• **SUPPLIED INFORMATION**:
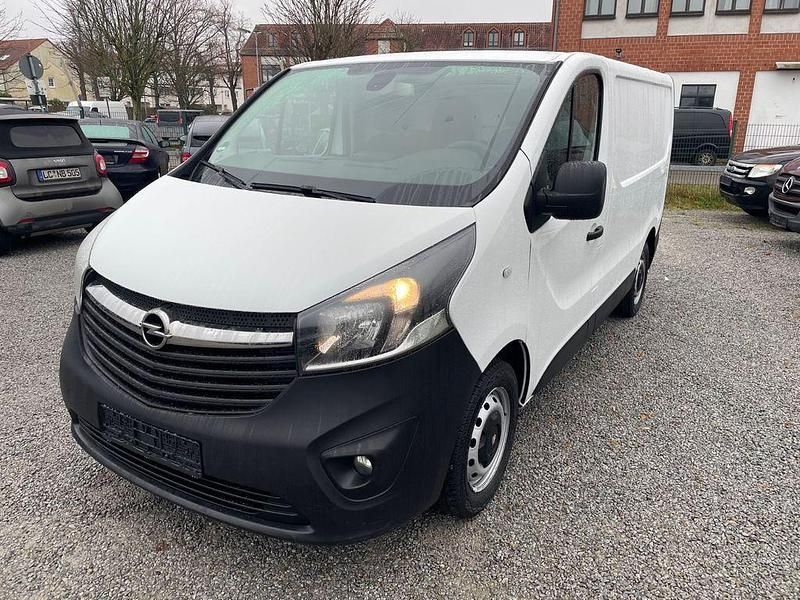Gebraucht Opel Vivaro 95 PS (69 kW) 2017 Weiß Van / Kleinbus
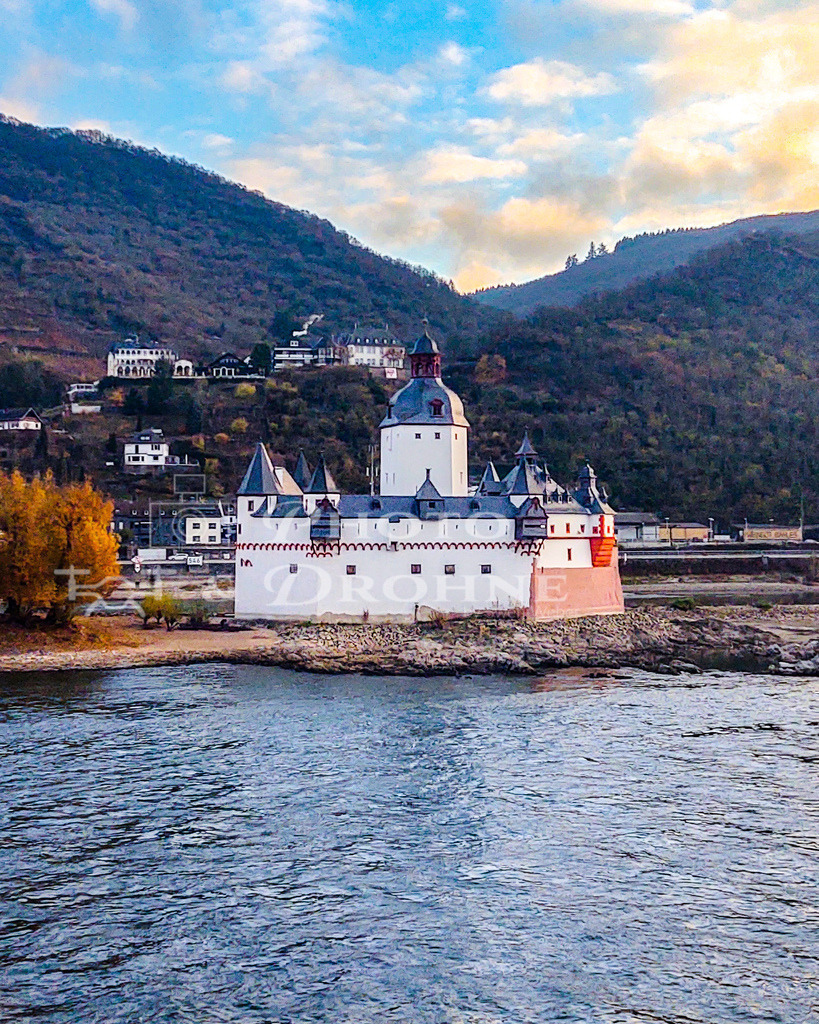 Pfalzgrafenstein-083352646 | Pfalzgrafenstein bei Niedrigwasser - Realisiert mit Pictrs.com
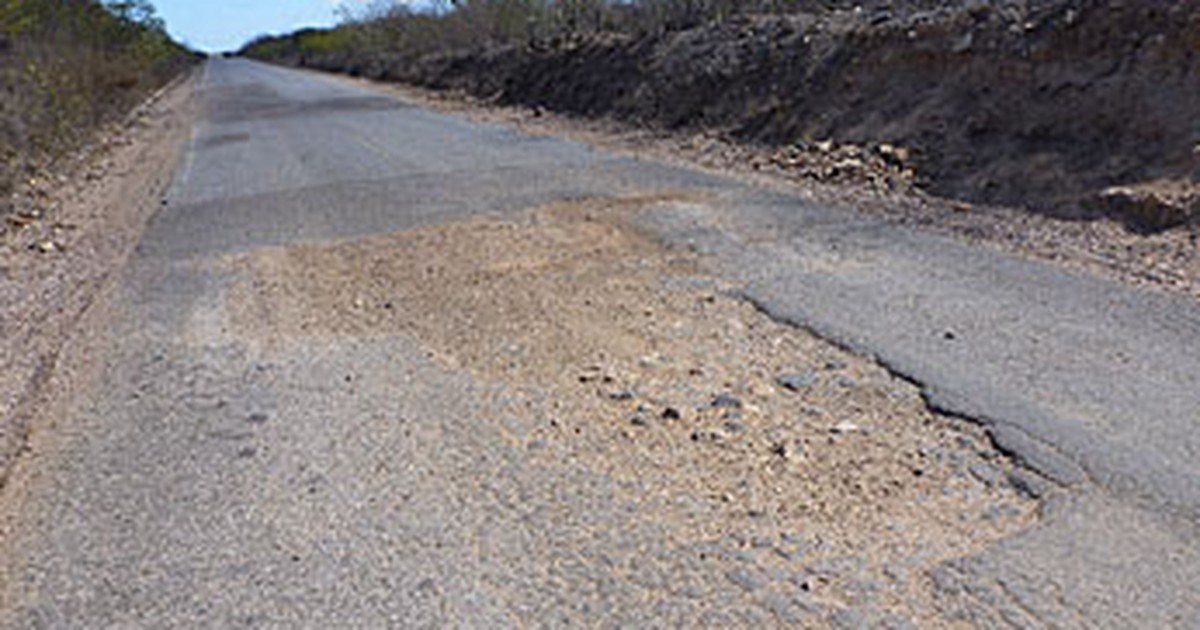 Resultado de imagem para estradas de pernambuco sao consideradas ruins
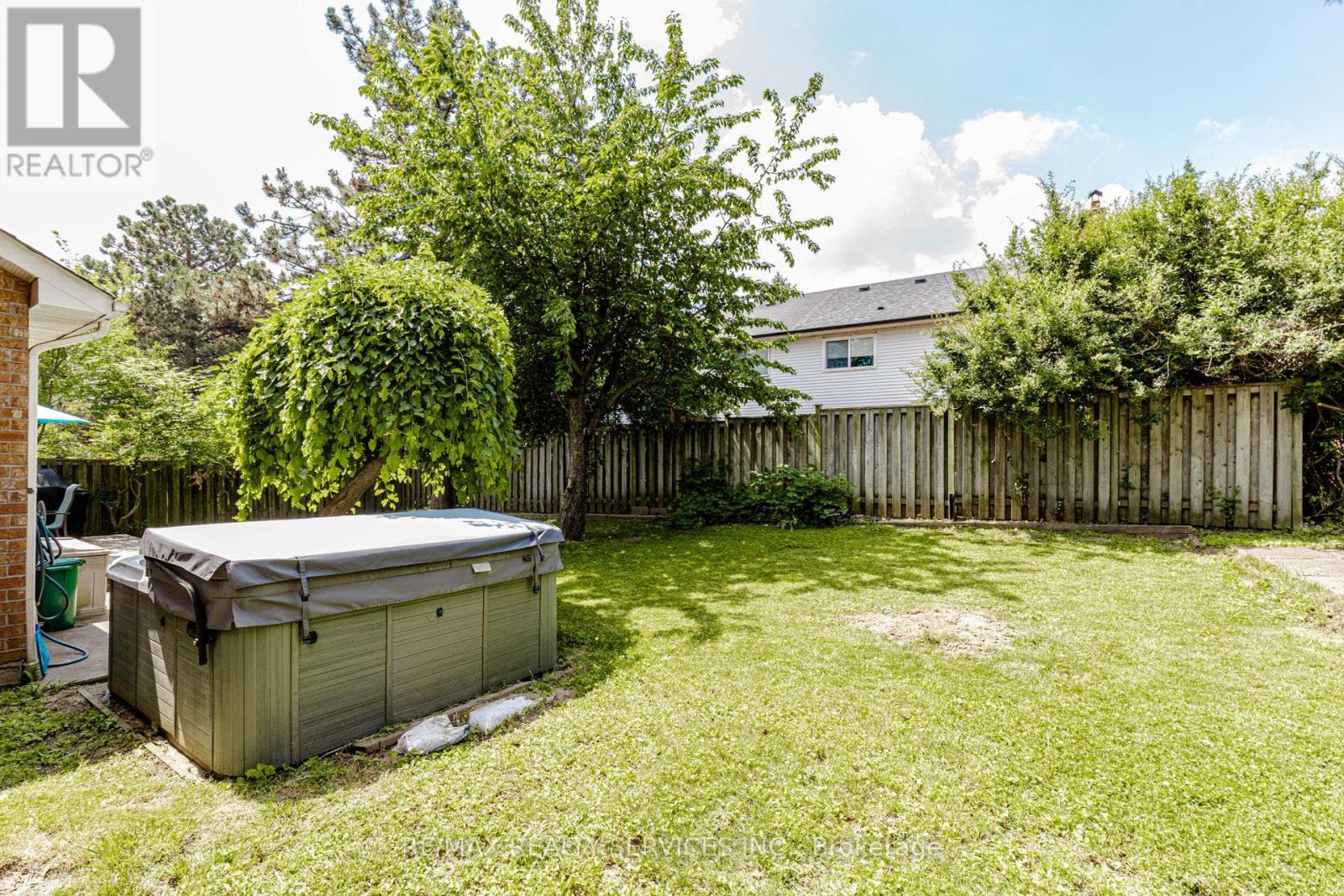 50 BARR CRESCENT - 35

• **EXERCISE**: Exclude all images and retype the data precisely.

• **OUTPUT FOR THIS EXERCISE**:
Gebraucht Opel Vivaro 95 PS (69 kW) 2017 Weiß Van / Kleinbus
 Pfalzgrafenstein-083352646 | Pfalzgrafenstein bei Niedrigwasser - Realisiert mit Pictrs.com
 Resultado de imagem para estradas de pernambuco sao consideradas ruins
 50 BARR CRESCENT - 35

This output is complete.